Dataset extract:
=-=-=
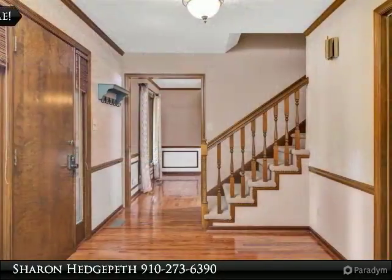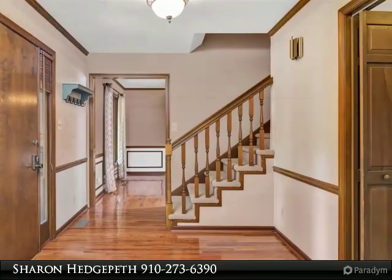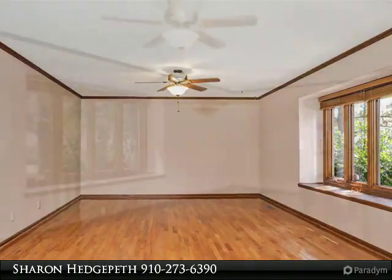Updated, bright kitchen opens to family room with wood beams and looks over very private backyard. All bedrooms are upstairs for convenience. Located on a corner lot with a double garage. Welcome home!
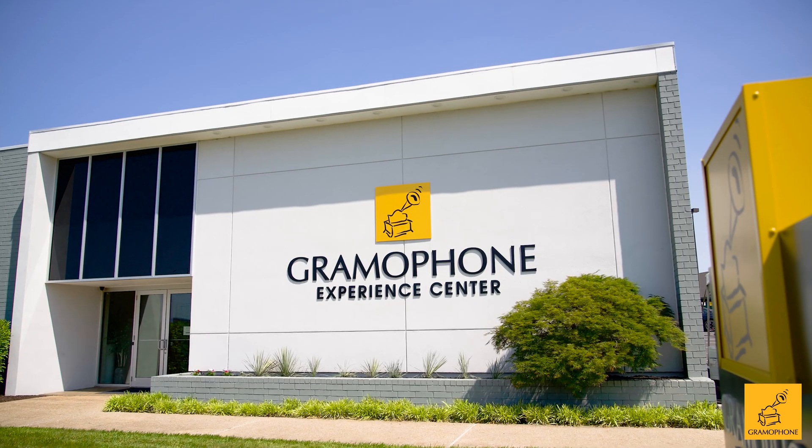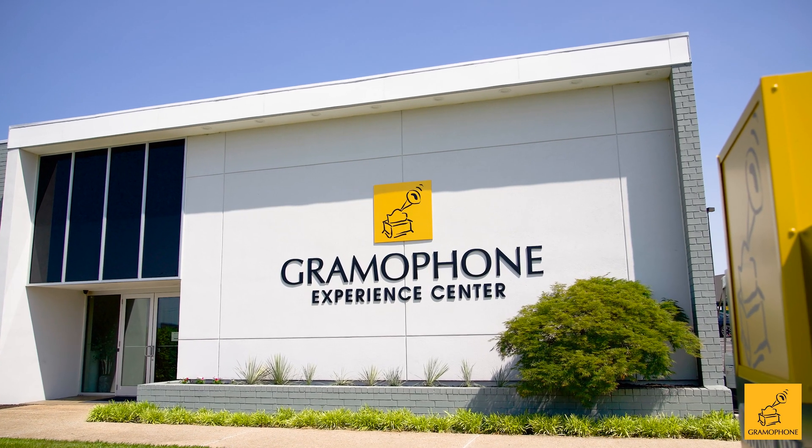Thank you very much for having me. As I have said in other videos we've done together, we at SVS are totally thrilled with our partnership with you guys at Gramophone. I've known about Gramophone pretty much my entire professional career — I'm Maryland born and bred and really admire this company, your professionalism, and this beautiful experience center that we're in today.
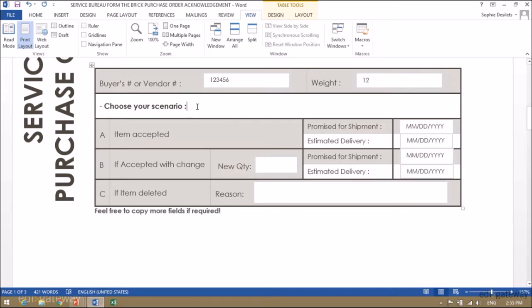Then you must choose the appropriate scenario: either A, B, or C. If the item is accepted, please fill in the two fields — promise for shipment and estimated delivery. If you are accepting with change, please indicate either the new quantity or the new dates and estimated delivery date. If you are deleting the items, you will need to indicate a text reason — for example, 'this item is now obsolete.'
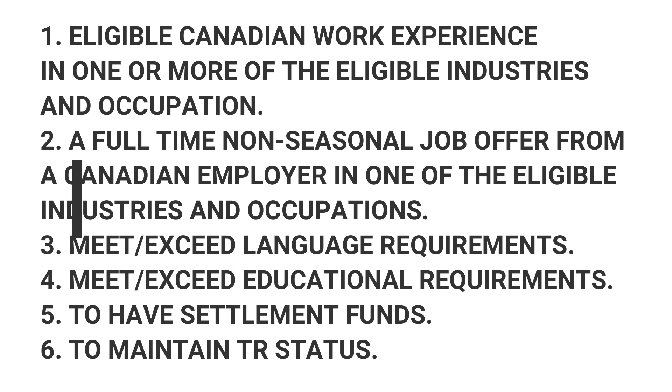The candidate must maintain temporary resident status if in Canada. When I mentioned that you need to prove you have settlement funds — if you're already inside Canada and have a job offer, you don't need to provide proof of settlement funds. But if you are outside Canada, you do need to provide proof of funds showing that you and your family will be able to survive in Canada.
=-=-=
Exercise instructions: Write out again, word for word, the lines from the one holding "Thank you very" through the final line of the listing, including both ends but no pictures.

Reply to the exercise:
Thank you very much for having me. As I have said in other videos we've done together, we at SVS are totally thrilled with our partnership with you guys at Gramophone. I've known about Gramophone pretty much my entire professional career — I'm Maryland born and bred and really admire this company, your professionalism, and this beautiful experience center that we're in today.
Then you must choose the appropriate scenario: either A, B, or C. If the item is accepted, please fill in the two fields — promise for shipment and estimated delivery. If you are accepting with change, please indicate either the new quantity or the new dates and estimated delivery date. If you are deleting the items, you will need to indicate a text reason — for example, 'this item is now obsolete.'
The candidate must maintain temporary resident status if in Canada. When I mentioned that you need to prove you have settlement funds — if you're already inside Canada and have a job offer, you don't need to provide proof of settlement funds. But if you are outside Canada, you do need to provide proof of funds showing that you and your family will be able to survive in Canada.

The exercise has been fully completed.